Le collectif des Soulèvements de la Terre, partisan de la radicalité, a rejoint la lutte contre les bassines en septembre 2021. Benoît Feuillu, habitant de la ZAD de Notre-Dame-des-Landes et militant des SLT, expliquait à Libération en novembre dernier que le collectif, porté par des figures de la lutte contre l’aéroport, avait rejoint la lutte contre les bassines en septembre 2021, lors de la première manif d’ampleur.

«Ecoterrorisme»

Assumant de s’affranchir de la légalité, «il faut remettre à sa place la question de la violence, qui est du côté de ceux qui sont en train de ravager l’environnement», expliquait Benoît Feuillu à propos des débats qui avaient déjà suivi la mobilisation de Sainte-Soline en octobre dernier, alors que Gérald Darmanin avait déjà qualifié ces actions «d’écoterrorisme». Le mouvement revendique en effet la légitimité de certaines actions de sabotage en réponse à l’inaction du gouvernement : «le sentiment que le gouvernement ne fait pas ce qu’il devrait faire, beaucoup plus fort qu’il y a dix ans.
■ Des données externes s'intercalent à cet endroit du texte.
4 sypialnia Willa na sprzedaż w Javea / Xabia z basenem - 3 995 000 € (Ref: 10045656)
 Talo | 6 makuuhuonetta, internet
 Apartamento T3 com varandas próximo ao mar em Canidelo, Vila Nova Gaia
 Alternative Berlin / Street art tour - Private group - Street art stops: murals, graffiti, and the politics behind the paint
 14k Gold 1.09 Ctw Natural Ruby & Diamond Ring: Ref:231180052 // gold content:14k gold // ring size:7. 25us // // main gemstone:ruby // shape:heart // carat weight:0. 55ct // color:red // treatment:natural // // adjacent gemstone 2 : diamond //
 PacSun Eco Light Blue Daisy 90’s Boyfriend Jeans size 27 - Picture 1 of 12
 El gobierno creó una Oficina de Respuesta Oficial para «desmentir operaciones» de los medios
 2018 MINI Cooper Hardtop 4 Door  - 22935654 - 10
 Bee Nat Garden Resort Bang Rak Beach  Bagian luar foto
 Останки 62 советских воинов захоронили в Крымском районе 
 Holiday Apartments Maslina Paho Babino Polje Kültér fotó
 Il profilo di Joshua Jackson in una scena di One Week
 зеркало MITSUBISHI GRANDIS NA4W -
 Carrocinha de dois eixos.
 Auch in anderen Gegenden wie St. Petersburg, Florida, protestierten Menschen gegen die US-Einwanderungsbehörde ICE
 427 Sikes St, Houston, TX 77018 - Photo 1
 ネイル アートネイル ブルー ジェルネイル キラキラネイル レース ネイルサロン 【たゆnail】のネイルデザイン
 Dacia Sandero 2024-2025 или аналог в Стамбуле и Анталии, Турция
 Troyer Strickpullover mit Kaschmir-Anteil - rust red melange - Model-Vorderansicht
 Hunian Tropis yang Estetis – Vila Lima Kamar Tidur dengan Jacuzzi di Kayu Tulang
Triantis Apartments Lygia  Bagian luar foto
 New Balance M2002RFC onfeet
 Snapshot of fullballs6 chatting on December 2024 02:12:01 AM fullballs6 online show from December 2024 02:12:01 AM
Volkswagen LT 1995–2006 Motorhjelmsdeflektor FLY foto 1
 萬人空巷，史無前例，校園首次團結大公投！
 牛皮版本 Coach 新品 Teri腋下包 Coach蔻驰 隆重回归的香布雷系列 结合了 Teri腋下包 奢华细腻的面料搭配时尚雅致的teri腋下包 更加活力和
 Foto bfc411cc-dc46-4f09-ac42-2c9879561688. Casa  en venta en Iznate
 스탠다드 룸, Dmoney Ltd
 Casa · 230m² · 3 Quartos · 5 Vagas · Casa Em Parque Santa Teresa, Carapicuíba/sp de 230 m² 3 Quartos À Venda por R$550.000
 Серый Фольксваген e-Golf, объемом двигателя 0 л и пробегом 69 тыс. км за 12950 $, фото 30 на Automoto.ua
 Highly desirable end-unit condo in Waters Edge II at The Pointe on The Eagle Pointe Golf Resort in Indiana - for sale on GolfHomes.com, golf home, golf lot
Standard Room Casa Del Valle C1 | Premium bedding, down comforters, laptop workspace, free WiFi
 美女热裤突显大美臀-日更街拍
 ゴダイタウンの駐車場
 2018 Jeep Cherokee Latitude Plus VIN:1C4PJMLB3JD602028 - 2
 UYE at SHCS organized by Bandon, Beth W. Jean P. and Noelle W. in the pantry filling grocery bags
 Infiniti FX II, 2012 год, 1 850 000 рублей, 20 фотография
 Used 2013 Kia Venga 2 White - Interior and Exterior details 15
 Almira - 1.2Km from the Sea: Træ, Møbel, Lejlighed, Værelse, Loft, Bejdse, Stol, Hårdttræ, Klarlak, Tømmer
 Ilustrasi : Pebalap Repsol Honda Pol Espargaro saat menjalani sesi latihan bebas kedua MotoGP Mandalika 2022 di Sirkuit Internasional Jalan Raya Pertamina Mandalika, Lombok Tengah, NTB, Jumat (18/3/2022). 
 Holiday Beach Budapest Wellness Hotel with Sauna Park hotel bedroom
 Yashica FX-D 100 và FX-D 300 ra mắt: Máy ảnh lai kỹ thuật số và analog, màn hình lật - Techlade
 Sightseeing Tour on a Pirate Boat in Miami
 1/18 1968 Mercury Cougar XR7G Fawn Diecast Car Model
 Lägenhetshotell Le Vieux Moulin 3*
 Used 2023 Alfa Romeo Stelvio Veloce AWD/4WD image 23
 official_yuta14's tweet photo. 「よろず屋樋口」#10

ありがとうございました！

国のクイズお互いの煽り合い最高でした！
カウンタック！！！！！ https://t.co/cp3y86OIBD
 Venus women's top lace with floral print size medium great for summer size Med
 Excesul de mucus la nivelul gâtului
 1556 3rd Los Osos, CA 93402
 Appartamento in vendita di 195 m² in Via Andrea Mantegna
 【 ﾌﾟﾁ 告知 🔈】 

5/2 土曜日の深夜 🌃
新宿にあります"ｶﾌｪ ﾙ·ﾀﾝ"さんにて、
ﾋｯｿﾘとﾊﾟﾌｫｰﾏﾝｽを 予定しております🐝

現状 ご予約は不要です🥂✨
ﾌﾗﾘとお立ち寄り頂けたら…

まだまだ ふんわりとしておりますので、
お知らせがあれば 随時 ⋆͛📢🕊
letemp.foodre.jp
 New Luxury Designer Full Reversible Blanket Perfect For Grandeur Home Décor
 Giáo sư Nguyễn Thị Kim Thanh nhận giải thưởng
Quand on a commencé à se battre, la crise climatique était déjà là, mais là, l’urgence à agir a décuplé», soulignait alors Benoît Feuillu. Il précisait : «On ne va jamais viser une personne ou une ferme.»

Après son annonce de ce mardi, le ministre de l’Intérieur a ajouté qu’il présenterait lors d’un prochain conseil des ministres un décret de dissolution à l’issue de la procédure contradictoire.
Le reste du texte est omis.